But as I am not doing it for a living, my situation is different from that of full-time piano teachers. And very likely, my teaching methods will seem at odds with those (especially in the U.S.) unfamiliar with the graded music syllabus system that (almost) all teachers here in the UK use, and which students and their parents expect. We follow an exam syllabus (most commonly, ABRSM and Trinity) grade by grade, so everyone is on the same page - teachers know what students need to achieve, and students know what they have to achieve at each grade.......which not just saves a lot of hassle and misunderstandings (of the sort I frequently see from adult students in PW) but also ensures that nothing important gets missed. (In case people don't know, apart from playing pieces of the required standard, there are scales & arpeggios, aural skills and sight-reading tests at each grade.)

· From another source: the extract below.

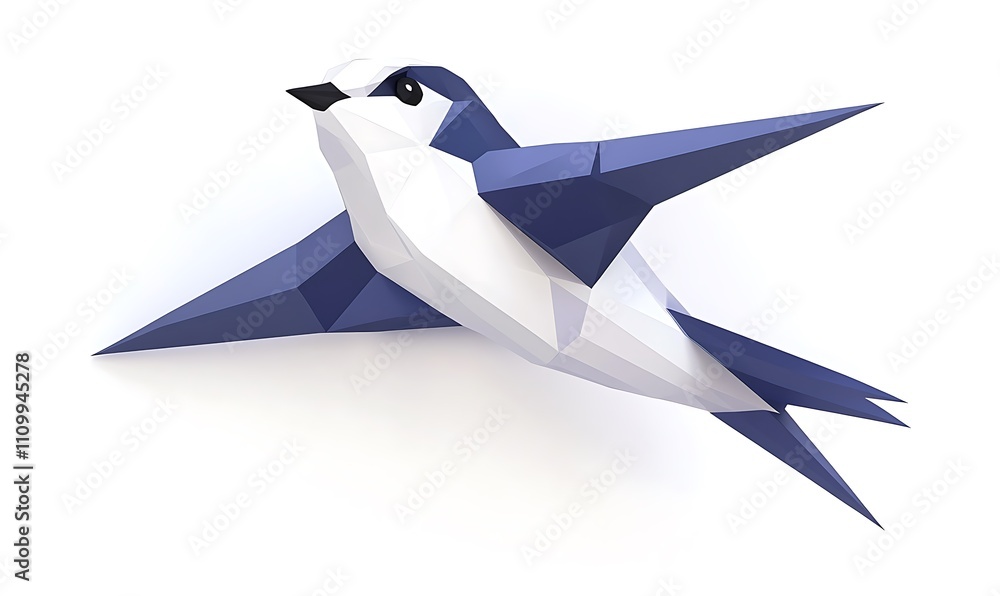 Poster a stylized, geometric representation of a bird in flight, emphasizing design and creativity.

To answer the question directly, and as I teach children only, it's very fulfilling and enjoyable to see students 'grow' musically from complete beginners to becoming real pianists and musicians over the years, and understanding how each of them tick and adapting my teaching style to their personalities. The standards needed to be achieved are only the starting point: my aim is to instill a love of (classical) music and the enjoyment of piano playing to all my students, regardless of their innate musicality, so I tell them stories of the great composers whose music they are learning, play many appealing pieces for them (not the ones they are learning, of course: they need to learn how to tackle new pieces by reading the music themselves with my help) to show them not just the different styles of various composers, but also how they influence each other and develop from their predecessors, and not least - the possibilities of the piano and what it's capable of. All through the lessons, I use every opportunity to develop their ears, starting (with the beginners) by counting beats aloud while singing them in pitch with the notes they are playing, all the while making everything fun for them as well as getting the shy ones to lose their inhibitions about singing aloud etc (which they need to do for their aurals in the exams). Apart from ensuring they become proficient in reading music, I also encourage them to play any tune they can think of (pop, movie themes etc) by ear, and when the time is ripe, show them how to flesh it out with appropriate accompaniments using the correct harmonies.

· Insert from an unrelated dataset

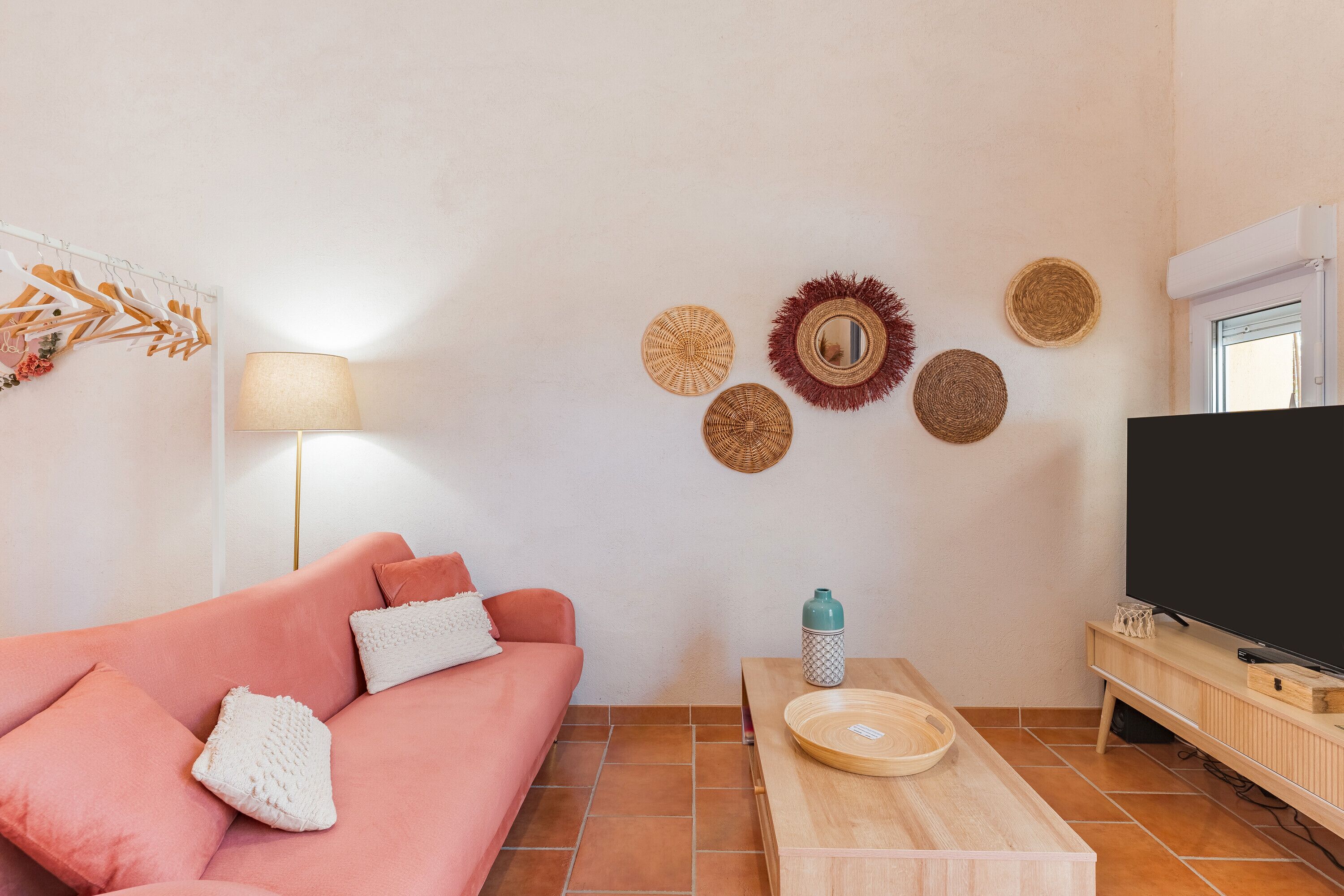 Télévision, lecteur de DVD, table de tennis de table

Basically, my aim is straightforward: to make learning piano enjoyable so that it becomes a part of their lives and they stay for the long haul, and develop their all-round musicality along with technical skills so that they can understand music as a listener as well as make music in ways other than playing the piano (e.g. singing - which I regard as essential towards acquiring comprehensive aural skills).


"I don't play accurately - anyone can play accurately - but I play with wonderful expression. As far as the piano is concerned, sentiment is my forte. I keep science for Life."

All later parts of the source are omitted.